Code Lexis-Nexis édition 2017, C. étrangers, Livre 5 et 7 et Annexe 6
L’État doit mettre en œuvre le droit à l’hébergement d’urgence reconnu à toute personne sans abri en situation de détresse médicale, psychique ou sociale (CASF, art. L. 121-7, L. 345-2 et L. 345-2-3). Cette obligation de résultat est d’autant plus impérative qu’une carence caractérisée dans l’accomplissement de cette mission peut porter une atteinte grave et manifestement illégale à une liberté fondamentale au sens de l’article L. 521-2 du Code de justice administrative. Cette atteinte grave à une liberté fondamentale que le Conseil d'État n’identifie pas s’apprécie compte tenu, d’une part, des moyens dont l’Administration dispose et de sa diligence à agir et, d’autre part, de l’âge, de l’état de la santé et de la situation de famille de la personne.
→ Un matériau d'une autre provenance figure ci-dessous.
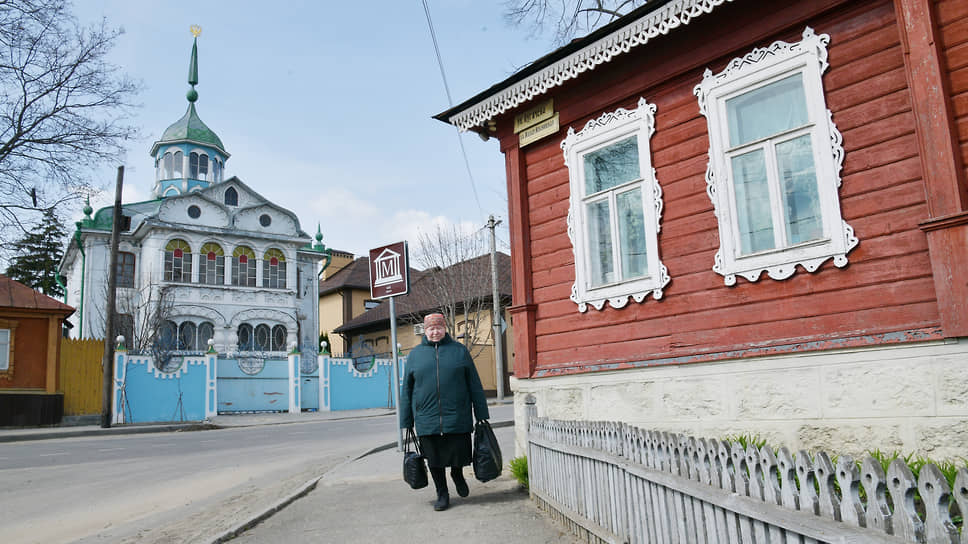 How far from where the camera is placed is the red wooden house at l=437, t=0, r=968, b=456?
5195 millimetres

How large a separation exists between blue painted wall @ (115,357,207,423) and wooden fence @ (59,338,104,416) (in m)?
1.64

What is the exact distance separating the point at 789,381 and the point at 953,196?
1840 mm

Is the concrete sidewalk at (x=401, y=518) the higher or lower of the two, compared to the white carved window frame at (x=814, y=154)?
lower

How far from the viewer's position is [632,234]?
7508 mm

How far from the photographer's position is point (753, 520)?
121 inches

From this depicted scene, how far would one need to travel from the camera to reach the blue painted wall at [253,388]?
2844cm

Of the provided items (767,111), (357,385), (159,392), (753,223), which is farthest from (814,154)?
(357,385)

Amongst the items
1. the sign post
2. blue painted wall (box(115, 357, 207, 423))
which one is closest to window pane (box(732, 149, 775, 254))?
the sign post

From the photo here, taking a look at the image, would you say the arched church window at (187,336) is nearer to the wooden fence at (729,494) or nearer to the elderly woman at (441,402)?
the elderly woman at (441,402)

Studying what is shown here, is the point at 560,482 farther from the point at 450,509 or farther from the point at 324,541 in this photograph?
the point at 324,541

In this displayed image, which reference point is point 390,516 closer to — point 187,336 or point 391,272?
point 391,272

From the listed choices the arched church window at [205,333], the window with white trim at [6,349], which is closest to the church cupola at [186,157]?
the arched church window at [205,333]

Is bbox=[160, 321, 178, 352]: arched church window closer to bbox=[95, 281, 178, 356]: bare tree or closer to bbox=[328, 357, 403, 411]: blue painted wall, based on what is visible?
bbox=[95, 281, 178, 356]: bare tree

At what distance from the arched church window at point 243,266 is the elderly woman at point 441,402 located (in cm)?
3206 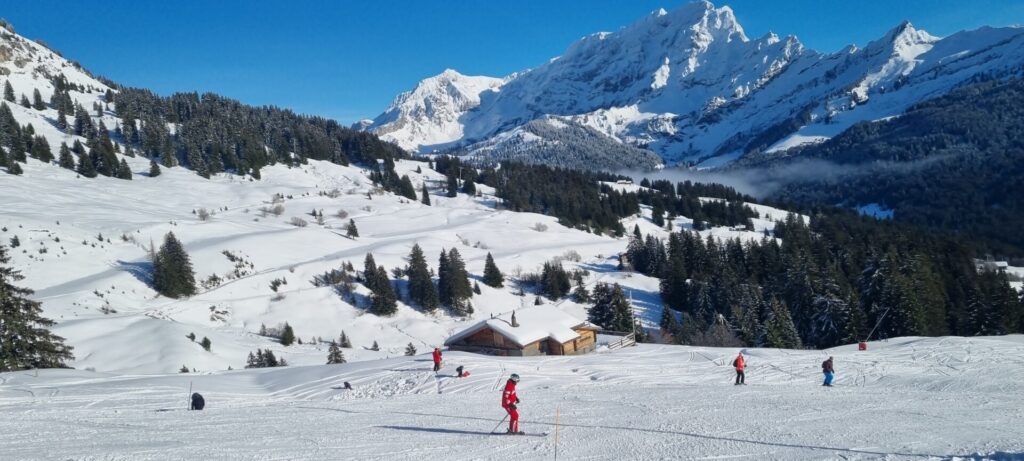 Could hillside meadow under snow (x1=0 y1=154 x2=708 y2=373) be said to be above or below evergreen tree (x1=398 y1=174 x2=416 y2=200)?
below

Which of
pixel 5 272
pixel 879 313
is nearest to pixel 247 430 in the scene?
pixel 5 272

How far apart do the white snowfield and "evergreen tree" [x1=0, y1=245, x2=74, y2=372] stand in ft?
6.01

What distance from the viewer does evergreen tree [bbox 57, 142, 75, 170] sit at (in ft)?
271

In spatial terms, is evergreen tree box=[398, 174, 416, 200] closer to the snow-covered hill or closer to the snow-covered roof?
the snow-covered hill

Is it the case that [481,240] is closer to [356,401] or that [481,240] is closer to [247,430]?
[356,401]

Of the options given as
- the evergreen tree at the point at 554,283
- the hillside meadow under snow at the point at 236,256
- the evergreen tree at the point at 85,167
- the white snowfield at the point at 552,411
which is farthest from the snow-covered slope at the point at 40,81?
the white snowfield at the point at 552,411

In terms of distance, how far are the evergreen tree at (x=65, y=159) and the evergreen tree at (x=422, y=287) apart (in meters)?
60.7

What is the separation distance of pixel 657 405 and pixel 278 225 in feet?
229

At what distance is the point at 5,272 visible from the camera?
23.9 metres

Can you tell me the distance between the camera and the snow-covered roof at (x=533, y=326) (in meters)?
33.6

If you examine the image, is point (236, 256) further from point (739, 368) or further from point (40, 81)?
point (40, 81)

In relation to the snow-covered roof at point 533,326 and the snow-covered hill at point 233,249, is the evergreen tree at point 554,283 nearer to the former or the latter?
the snow-covered hill at point 233,249

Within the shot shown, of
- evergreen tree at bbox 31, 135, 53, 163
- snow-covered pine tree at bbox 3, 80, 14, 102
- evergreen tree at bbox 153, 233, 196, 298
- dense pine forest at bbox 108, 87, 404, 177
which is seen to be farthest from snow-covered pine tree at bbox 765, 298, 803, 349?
snow-covered pine tree at bbox 3, 80, 14, 102

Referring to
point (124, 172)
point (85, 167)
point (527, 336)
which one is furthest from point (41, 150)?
point (527, 336) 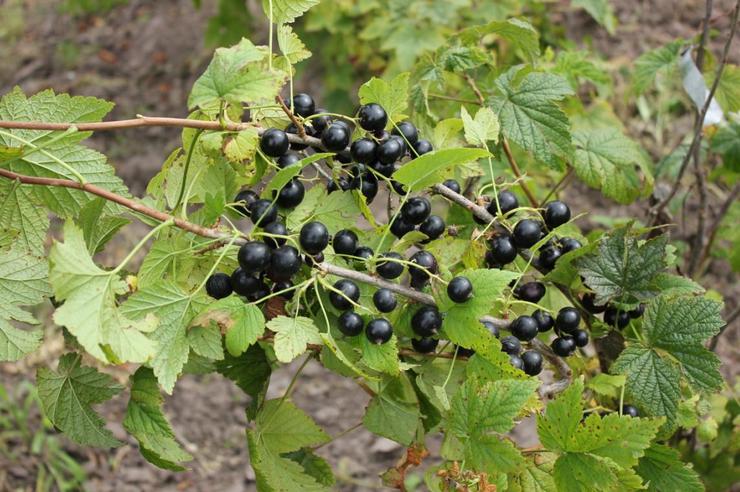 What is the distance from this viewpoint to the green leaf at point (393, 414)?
150 centimetres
Les ressortissants étrangers faisant l'objet d'une obligation de quitter le territoire et les candidats à l’asile qui ne peuvent plus bénéficier du dispositif d’hébergement d’urgence après le rejet définitif de leur demande (Cf. C. étrangers, art. L. 743-3) sont dans une situation spécifique et doivent établir des « circonstances exceptionnelles ». Ces circonstances sont établies pour les mineurs étrangers qui ne sont pas pris en charge par le service de l’aide sociale à l’enfance ou s’il existe un risque grave pour la santé ou la sécurité d’enfants mineurs mettant en péril leur « intérêt supérieur ». Le droit à l’hébergement d’urgence des personnes entrant dans ce périmètre trouve sa limite lorsque l’État a accompli des efforts conséquents pour accroître les capacités d’hébergement d’urgence et a massivement recours à l’hébergement hôtelier pour répondre aux besoins les plus urgents. Il en est de même si les candidats à un hébergement d’urgence ont continué de bénéficier d’un logement après le rejet de leur demande d’asile et ont refusé l’aide au retour qui leur était proposé (CE sect., 13 juill. 2016, n° 400074, Min. des affaires sociales et de la santé c/ M. et Mme J. et du même jour, n° 399834, Département du Puy-de-Dôme c/ M. et Mme K., absence de « circonstances exceptionnelles », n° 399829, « circonstances exceptionnelles » constituées par le très jeune âge de l’enfant).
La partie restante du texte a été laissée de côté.